WORK INSTRUCTION
What is needed is an exact copy of every line from the one with "Brown and white" to the end of the entries below, without the pictures.

__________________________________________________

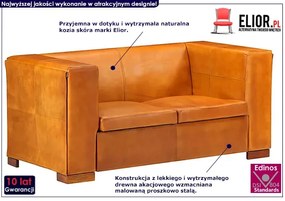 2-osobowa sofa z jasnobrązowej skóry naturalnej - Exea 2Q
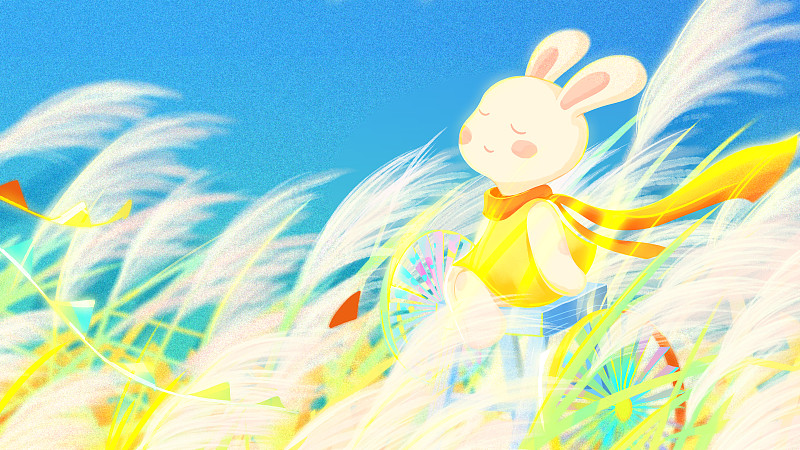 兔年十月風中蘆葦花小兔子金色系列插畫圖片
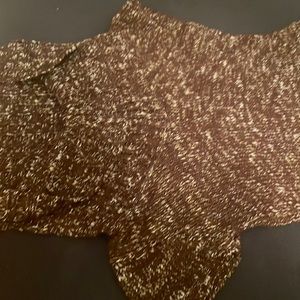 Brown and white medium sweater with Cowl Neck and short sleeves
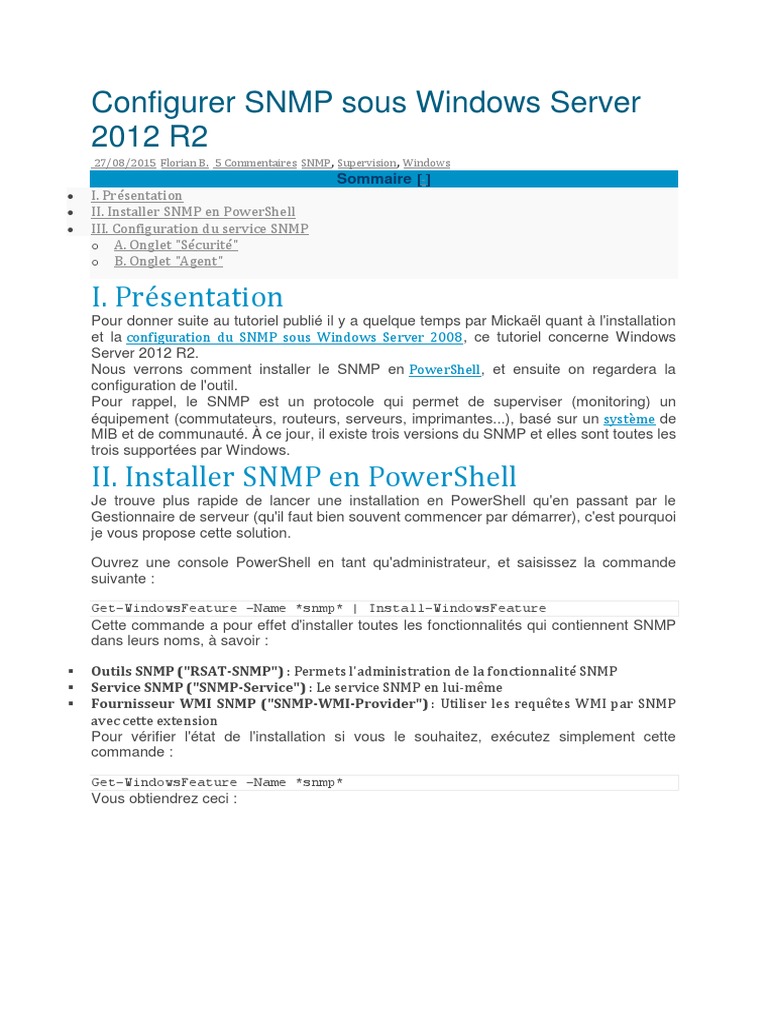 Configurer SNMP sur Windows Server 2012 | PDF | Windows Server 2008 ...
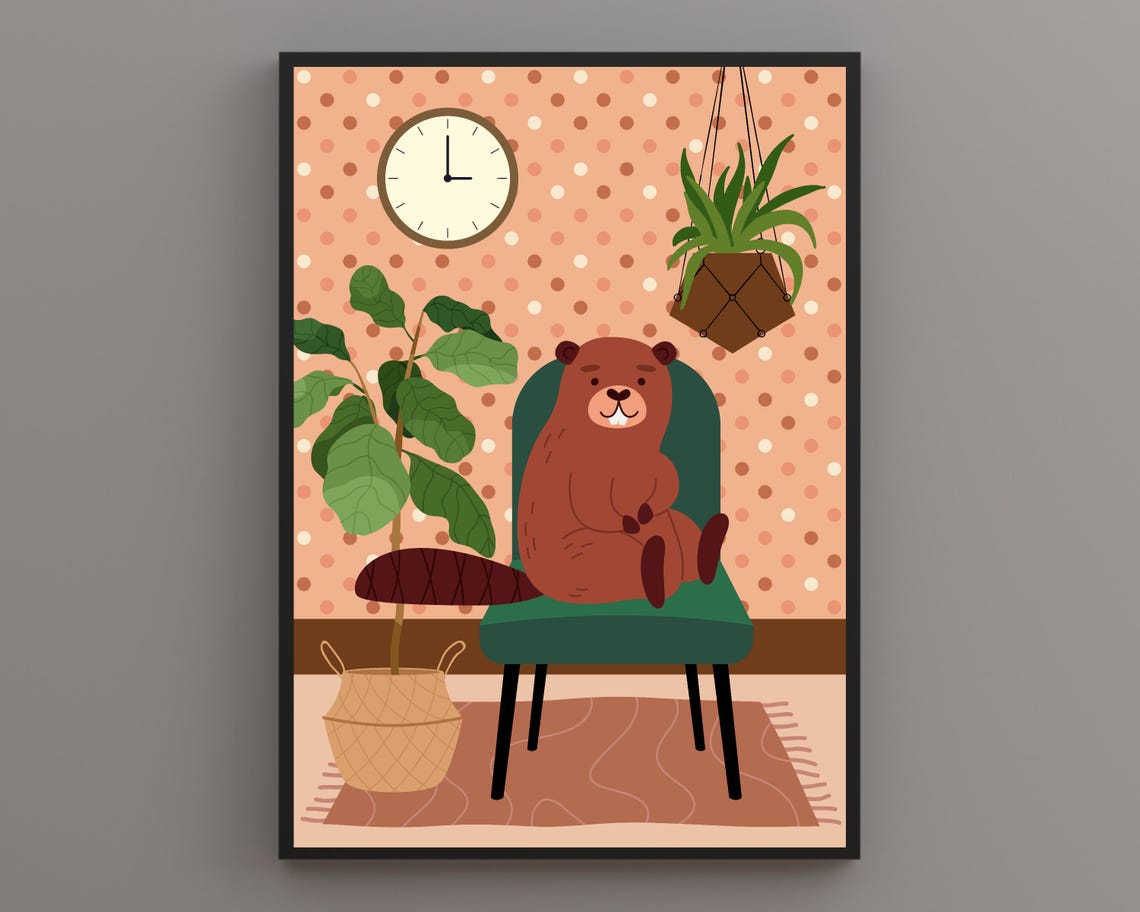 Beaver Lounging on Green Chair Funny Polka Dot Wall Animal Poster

__________________________________________________

EXPECTED ANSWER
 Brown and white medium sweater with Cowl Neck and short sleeves
 Configurer SNMP sur Windows Server 2012 | PDF | Windows Server 2008 ...
 Beaver Lounging on Green Chair Funny Polka Dot Wall Animal Poster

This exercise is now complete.